Two of my students published good books this year. Both are far wiser and older than I, and have written before, but at least I didn't ruin them!
Ron Lanner is a retired botanist, originally from Brooklyn but who taught in Utah for many years. He now lives in the Sierras, so it is appropriate that his latest, The Bristlecone Book, is about that legendarily long- lived Great Basin conifer.
And WHY are they so long- lived? I had never much thought about it, but the simple answer is amazing. "Unlike most other living things, they show no signs of senescence, or degeneration over time. These trees do not die of old age; they die when something kills them".
You might also take a look at this one, about the symbiosis between birds and nut- bearing pines, i. e. birds & food. Any wonder why it is a favorite? But any and all of his are worth getting.

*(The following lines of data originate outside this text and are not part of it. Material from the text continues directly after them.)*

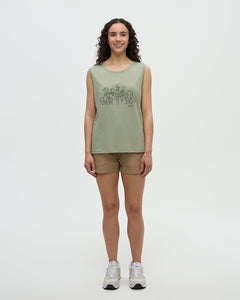 Lakeside Florals Tank-2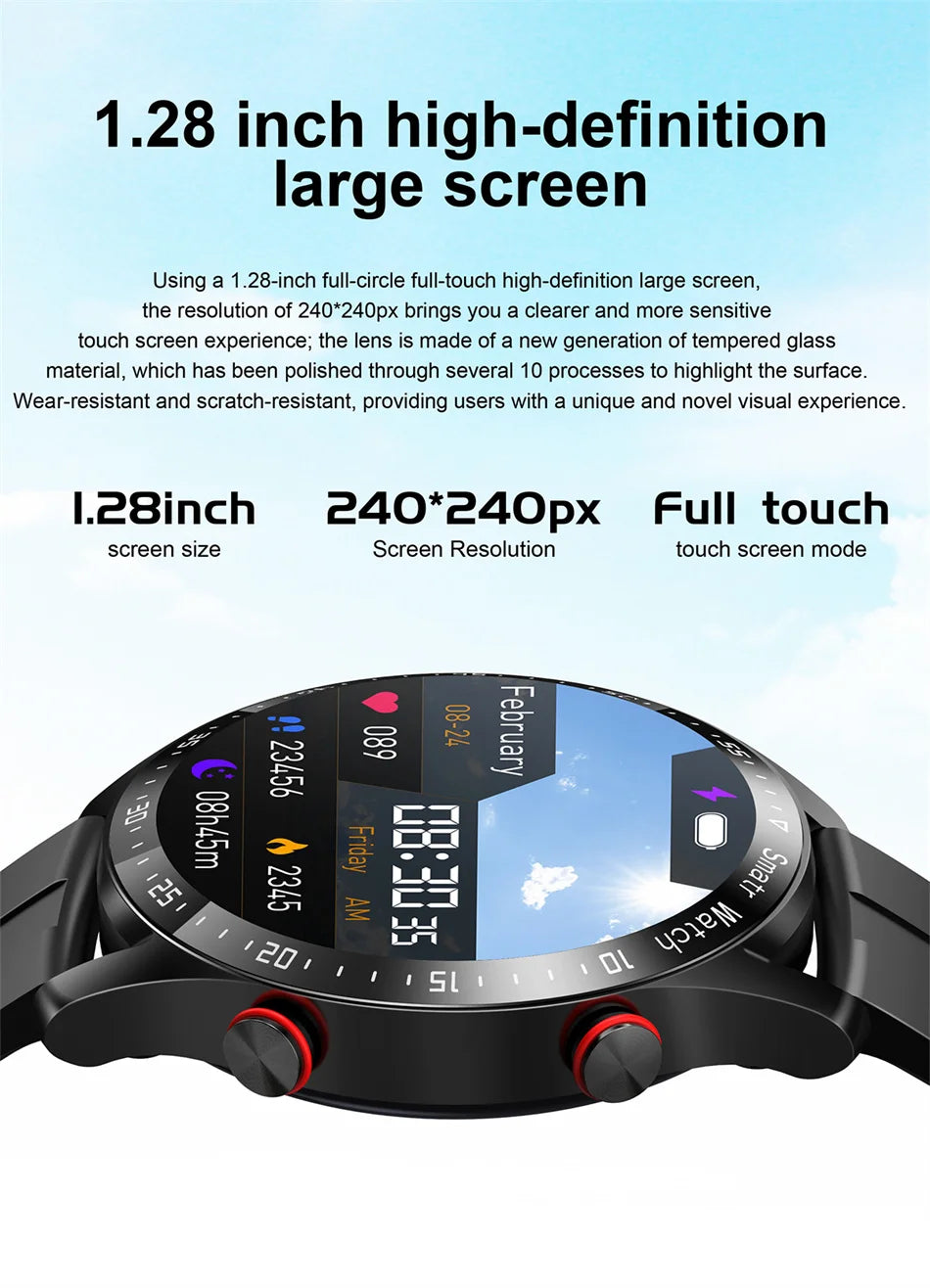 Reloj GT Series reloj inteligente hombres mujeres pantalla HD Bluetooth llamada GPS Tracker ritmo cardíaco IP68 impermeable SmartWatch 2024 nuevo
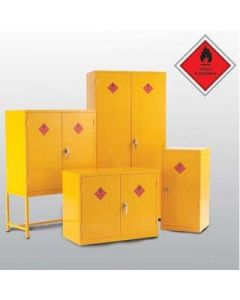 3 Shelf Hazardous Substance Cabinet Yellow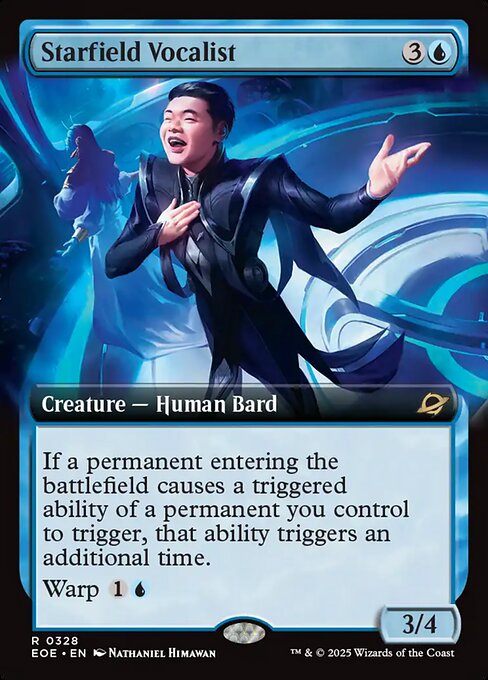 EOE: Starfield Vocalist (Extended Art) (Foil)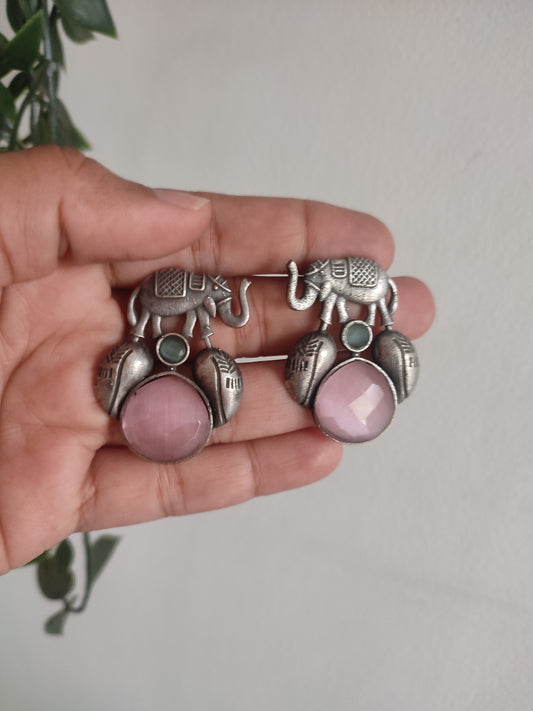 Gaj Stone Stud Earrings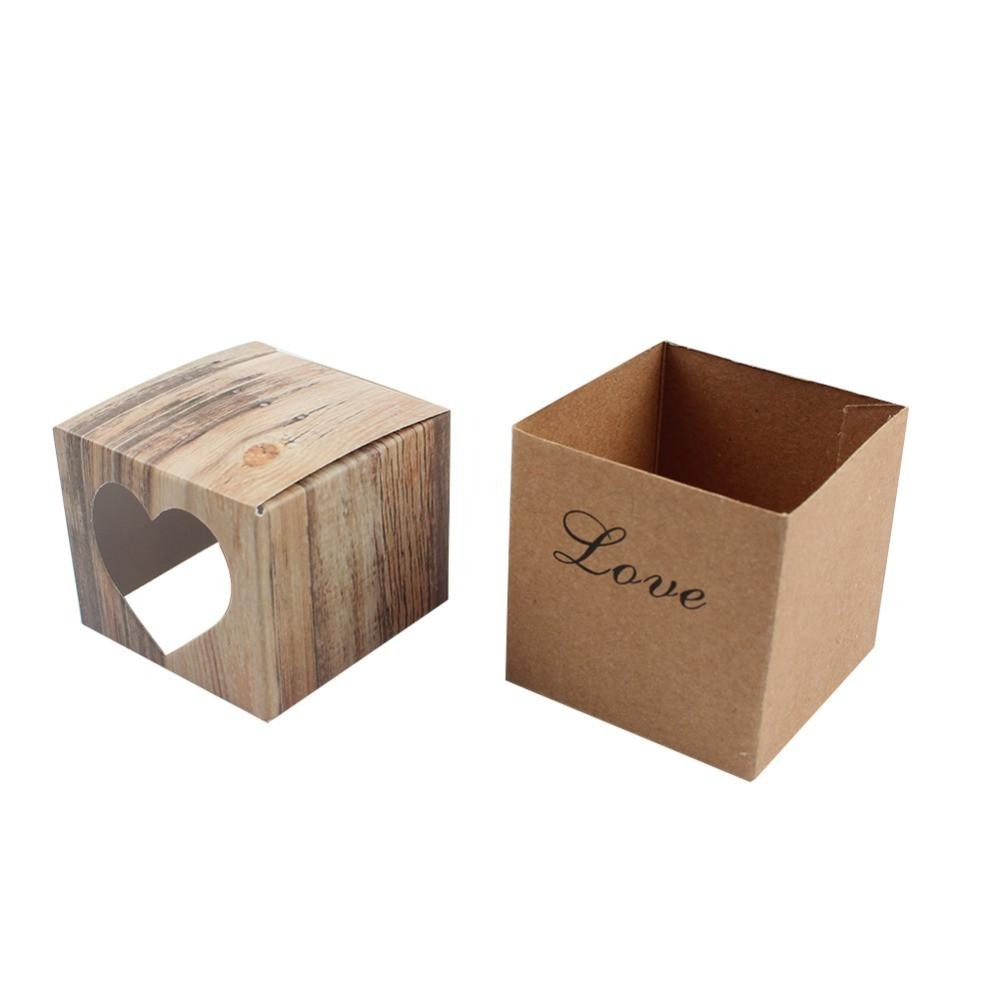 50pcs/lot Romantic Heart Candy Box for Wedding Decoration - The Suggestion Store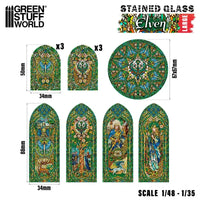 Elven Stained Glass - Large 5126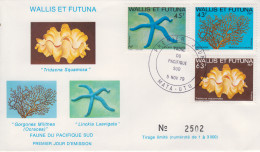 Enveloppe  FDC  1er  Jour    WALLIS  Et  FUTUNA      Faune   Du   Pacifique  Sud      1979 - FDC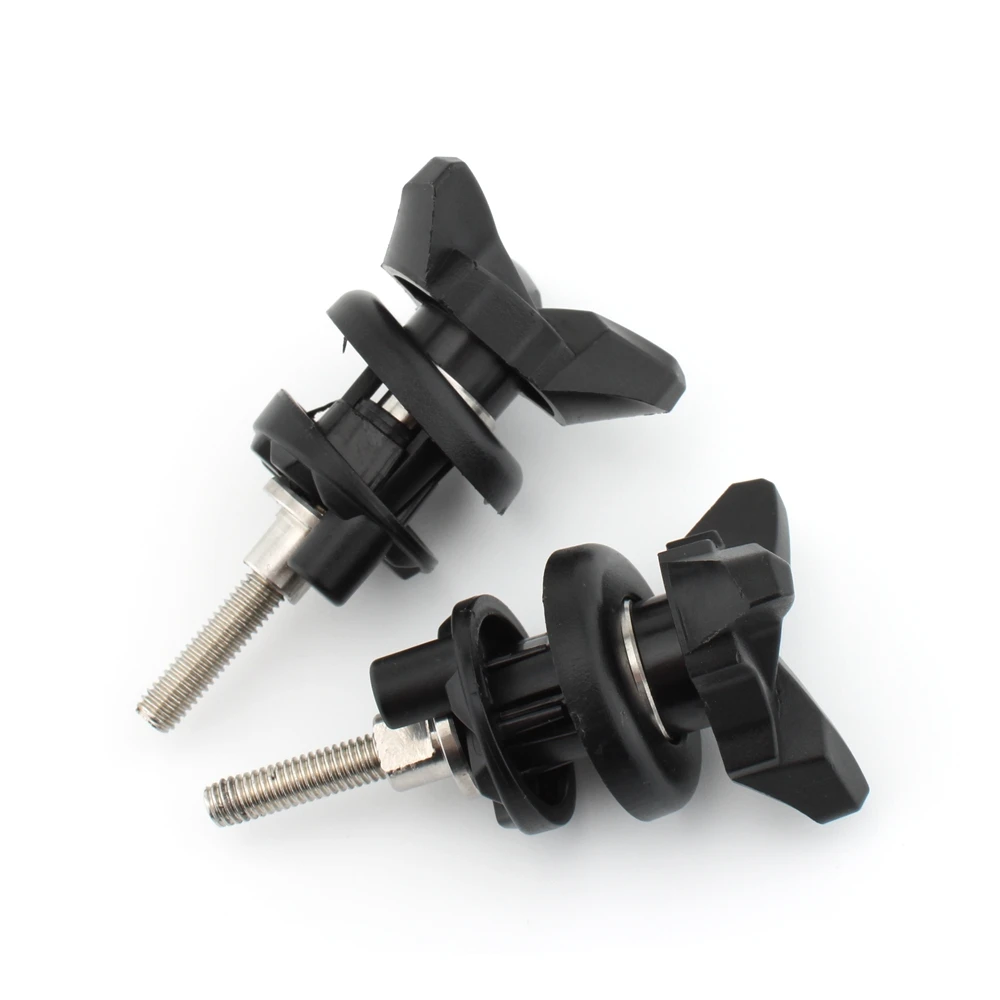 2PCS Windshield Lock Adjustment Screw Windscreen Mount Clip Clamp Bolt Parts Accessories For BMW R1200GS ADV R 1200 GS 2004-2016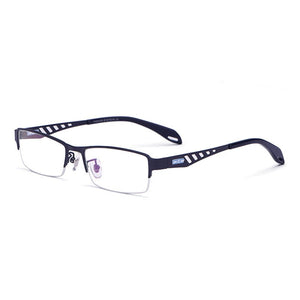 Reven Jate XS505 Half Rim Eyeglasses Frame Optical Prescription Semi-Rim Glasses Frame For men's Eyewear male Armacao Oculos
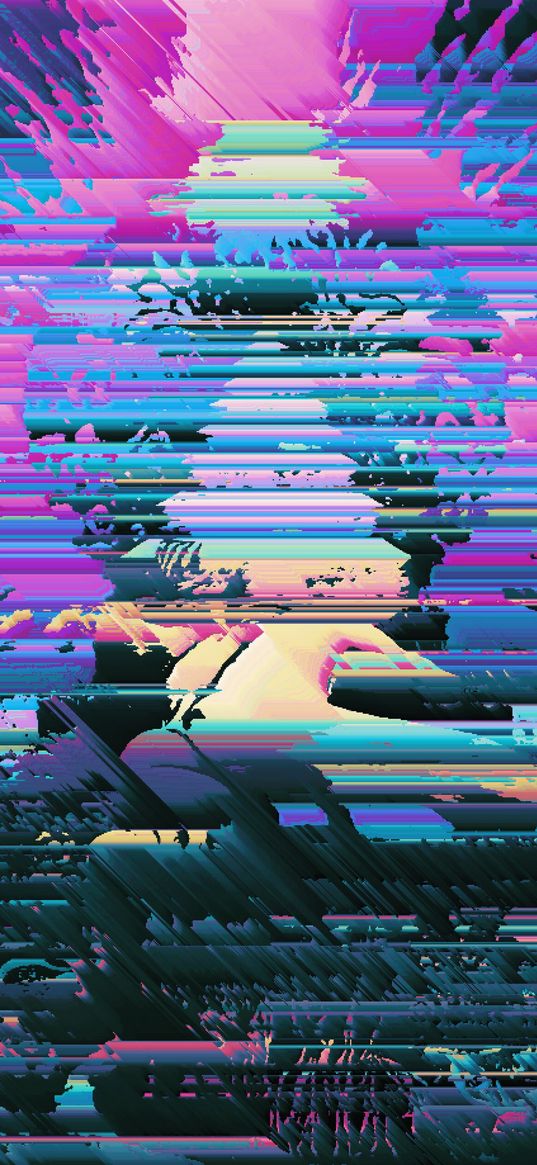 glitch, stripes, noise, colorful, abstraction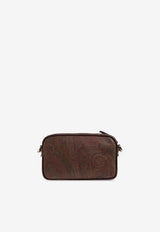 Etro Paisley Jacquard Shoulder Bag Brown MP1C0002 AA012-M0019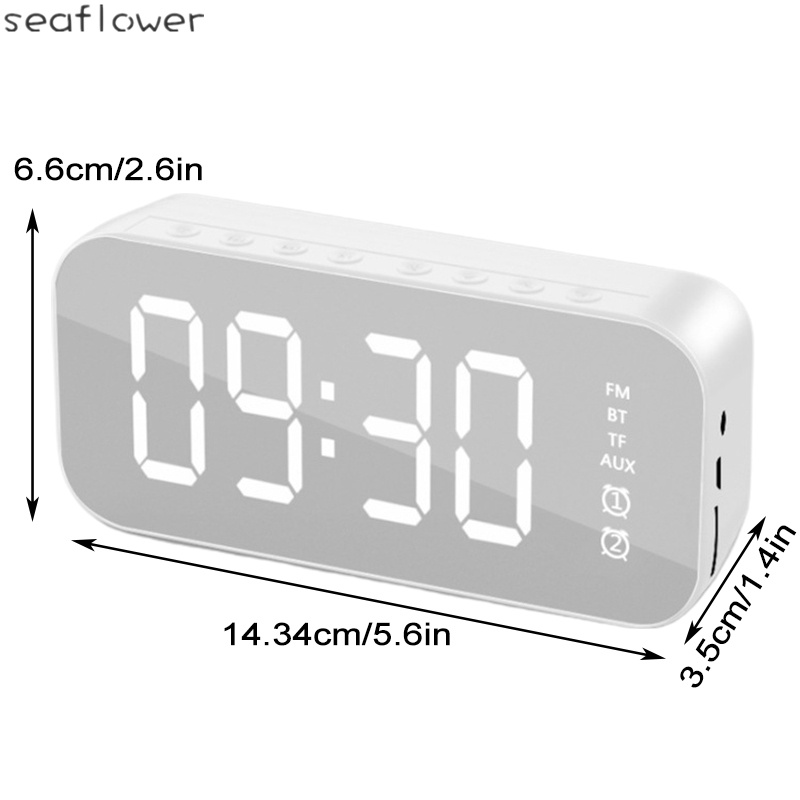 Đồng hồ báo thức radio blue-tooth tương thích 4.1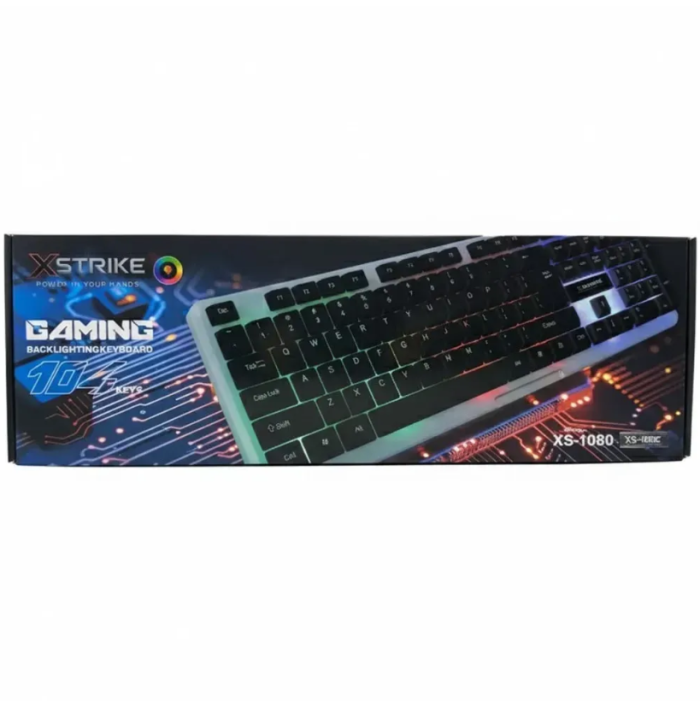 Клавіатура ігрова XSTRIKE XS-1080 RGB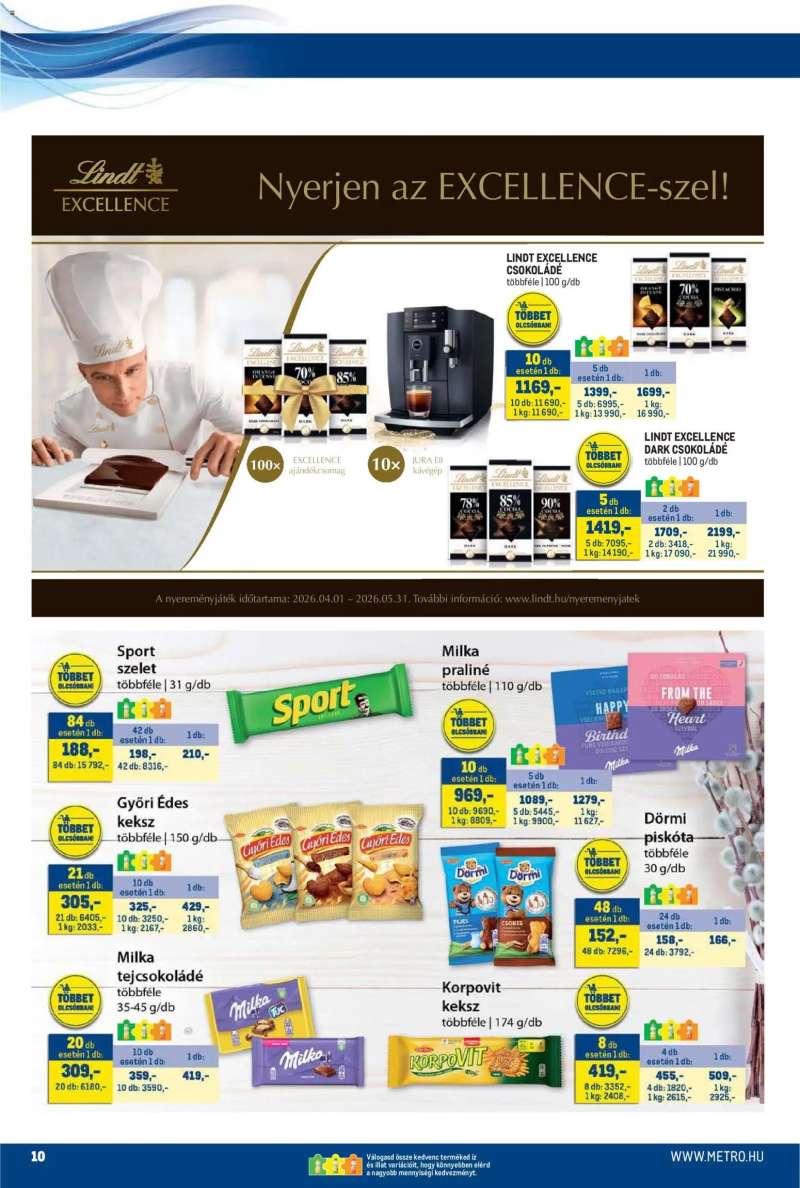 Metro Metro akciós újság 10 oldal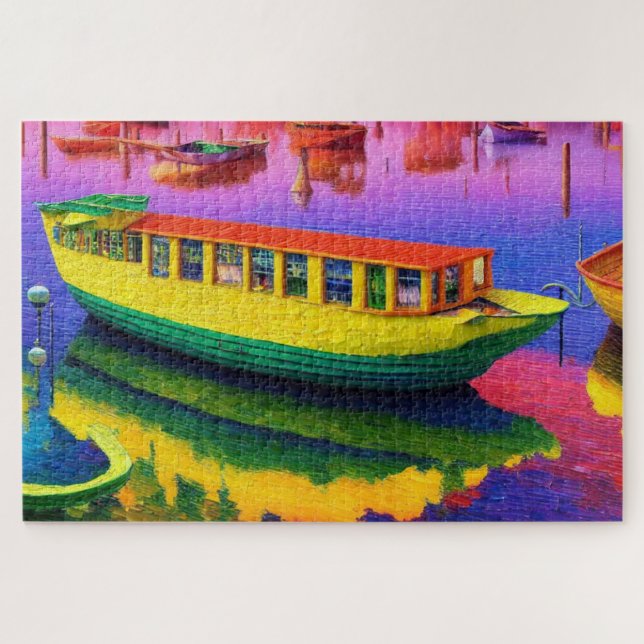 Puzzle Barco de Lakehouse (Horizontal)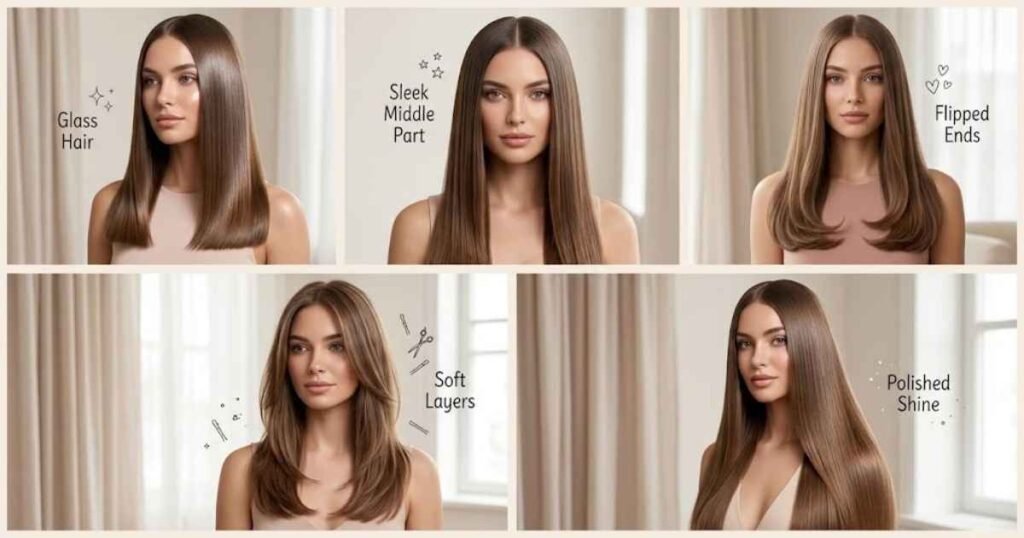 How to Style Straight Hair for a Polished Finish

Another book by a Wildbranch alumnus came out earlier in the year when I was deep in the eagle work. Carl von Essen is an MD and fisherman who has worked and fished all over the world (he is the only friend of mine who has caught the legendary Mahseer* of India), while employed by the W. H. O. . His latest is called The Hunter's Trance, and is a discussion of the altered state of awareness familiar to all of us who hunt and fish consciously. He compares it to other "mystical" experiences and theorizes that it fosters Biophilia. The originator of the term, Edward Wilson, agrees, and says so on the cover.
Carl's other book is pure fun: The Revenge of the Fishgod. It is about fishing around the world, from New Mexico to India. I blurbed it.
* A favorite book title: "Circumventing the Mahseer".